K-Pop Debut of Pro-Coup Activist’s Daughter Stirs Debates

Image: Twitter

BANGKOK — A Thai singer is facing a online boycott campaign as she is about to debut as a member of a K-Pop band after netizens discovered she is a daughter of a late film star and coup-supporter and had joined pro-coup rallies.

Thai netizens who support democracy were outraged at Sitala Wongkrachang since Tuesday after they discovered that her father was the late movie star Saranyu Wongkrachang who was a staunch and prominent speaker and supporter of the political rallies by the People’s Democratic Reform Committee which led to the May 2014 coup.

As of Wednesday morning, Twitter hashtag #BANSITALA and #SITALA are trending after netizens learned that Sitala will be joining a new K-Pop all-girl band, H1-KEY, to be debuted on Jan 5 with. Hashtag #SITALA trended at over 2 million mentions before noon Wednesday.


Pictures of Sitala joining PDRC rallies also emerged and shared widely as pro-democracy netizens vow she must be punished by being boycotted.

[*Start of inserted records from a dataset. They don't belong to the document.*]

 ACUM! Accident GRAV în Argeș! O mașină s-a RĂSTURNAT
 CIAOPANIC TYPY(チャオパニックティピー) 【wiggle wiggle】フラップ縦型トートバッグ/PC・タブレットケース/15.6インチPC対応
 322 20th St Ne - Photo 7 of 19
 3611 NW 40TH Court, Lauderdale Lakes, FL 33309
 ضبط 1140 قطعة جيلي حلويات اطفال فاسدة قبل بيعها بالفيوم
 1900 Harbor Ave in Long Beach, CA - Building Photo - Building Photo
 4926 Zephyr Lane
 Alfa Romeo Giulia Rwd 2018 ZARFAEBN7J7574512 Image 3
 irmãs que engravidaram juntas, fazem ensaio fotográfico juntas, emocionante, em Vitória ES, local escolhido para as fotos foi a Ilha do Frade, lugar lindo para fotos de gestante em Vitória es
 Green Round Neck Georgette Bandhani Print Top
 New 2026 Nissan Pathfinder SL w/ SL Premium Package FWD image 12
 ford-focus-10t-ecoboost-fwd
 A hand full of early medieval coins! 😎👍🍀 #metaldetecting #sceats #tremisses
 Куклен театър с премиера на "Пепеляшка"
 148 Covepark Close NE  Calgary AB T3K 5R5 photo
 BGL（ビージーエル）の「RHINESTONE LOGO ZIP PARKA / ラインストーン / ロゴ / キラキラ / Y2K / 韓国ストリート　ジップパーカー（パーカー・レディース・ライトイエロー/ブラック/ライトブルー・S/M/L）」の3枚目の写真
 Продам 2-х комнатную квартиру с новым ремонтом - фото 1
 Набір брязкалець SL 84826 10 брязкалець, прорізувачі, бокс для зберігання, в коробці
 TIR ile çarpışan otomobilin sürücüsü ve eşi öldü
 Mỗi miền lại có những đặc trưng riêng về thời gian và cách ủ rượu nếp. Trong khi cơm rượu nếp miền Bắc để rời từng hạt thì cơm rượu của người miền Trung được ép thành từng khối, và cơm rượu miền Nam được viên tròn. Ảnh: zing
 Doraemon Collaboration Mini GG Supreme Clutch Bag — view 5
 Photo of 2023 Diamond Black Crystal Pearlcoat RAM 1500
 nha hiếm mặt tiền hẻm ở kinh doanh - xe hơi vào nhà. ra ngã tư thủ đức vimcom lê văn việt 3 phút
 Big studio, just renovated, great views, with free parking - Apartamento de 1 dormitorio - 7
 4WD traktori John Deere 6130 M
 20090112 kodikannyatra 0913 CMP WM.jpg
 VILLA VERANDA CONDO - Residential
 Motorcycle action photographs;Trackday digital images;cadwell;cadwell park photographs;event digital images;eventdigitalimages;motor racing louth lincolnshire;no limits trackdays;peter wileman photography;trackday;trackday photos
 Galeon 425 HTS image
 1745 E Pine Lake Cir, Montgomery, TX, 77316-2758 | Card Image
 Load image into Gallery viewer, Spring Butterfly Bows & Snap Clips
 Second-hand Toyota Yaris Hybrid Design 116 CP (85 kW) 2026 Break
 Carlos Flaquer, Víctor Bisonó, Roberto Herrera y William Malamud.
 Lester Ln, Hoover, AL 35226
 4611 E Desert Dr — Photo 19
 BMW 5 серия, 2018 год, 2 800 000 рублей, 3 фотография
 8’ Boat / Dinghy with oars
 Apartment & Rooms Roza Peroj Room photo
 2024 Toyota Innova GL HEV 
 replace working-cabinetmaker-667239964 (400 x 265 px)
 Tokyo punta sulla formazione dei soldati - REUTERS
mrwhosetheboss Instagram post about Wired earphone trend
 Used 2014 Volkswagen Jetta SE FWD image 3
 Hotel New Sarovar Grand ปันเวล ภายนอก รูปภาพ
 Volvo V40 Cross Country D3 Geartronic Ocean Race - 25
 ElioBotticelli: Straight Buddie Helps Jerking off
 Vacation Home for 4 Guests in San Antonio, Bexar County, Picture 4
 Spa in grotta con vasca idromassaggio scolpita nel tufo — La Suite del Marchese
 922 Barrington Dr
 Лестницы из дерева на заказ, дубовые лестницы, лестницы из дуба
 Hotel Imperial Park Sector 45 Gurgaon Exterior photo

“What goes around, comes around!” tweeter user @SleepBlueMango wrote late Tuesday night in English. “You & your family destroy other people’s lives and future. Rethink about the debut. She doesn’t deserve it!”

Accompanying the tweet, which was retweeted 753 times by Wednesday morning, was a poster with a photo of Sitala and a call to boycott her. “Her family and her are supporters of Thailand’s Chun Doo-Hwan,” reads one English-language online poster spreading, comparing junta leader Gen Prayut Chan-ocha to the late South Korean dictator.

Some compared Satila, 24, monarchy-reform protest co-leader Panassaya “Rung” Sitthijirawattanakun who is being detained and facing multiple lese majeste trials.

“One debut on stage and [another] debut in jail cuz she called for democracy,” user @bbblbT tweeted on Tuesday night.

“If they don’t regret, this is how it should be dealt with,” wrote socialist labour activist Lek Patchanee on Facebook Wednesday.

“Don’t be pretentious and say her parents caused damage to the country but it doesn’t involve their daughter. When I came out to campaign [for monarchy-reform] to make this country better, how was my parents involved? They cursed that my parents should die and condemned my whole family and ancestors. Let me say it here, I won’t forgive [Sitala],” wrote monarchy-reform activist Jatuporn Saeoung current facing lese majeste charge for alleged mocking of the queen by the way she addressed and presented herself at a rally on Silom Road late last year.


Not all support the ban, however. A “soft-power specialist”, Pacapol X Anurit, wrote on Facebook Wednesday that the incident is unfortunate as aspiring Thai artists are trying to break into the internal music arena but in this case, is being bogged down by domestic politics.

“I support all Thais to make it far on the road of soft power but Thais are still trapped [in the past political divide] even now… I think the Korean company won’t care [about the boycott call] and will debut her as scheduled. The Korean and international audience won’t mind where you stand politically [in Thailand]”

There has been no reaction from Sitala or the Korean company, GLG (Grandline Group), as of press time.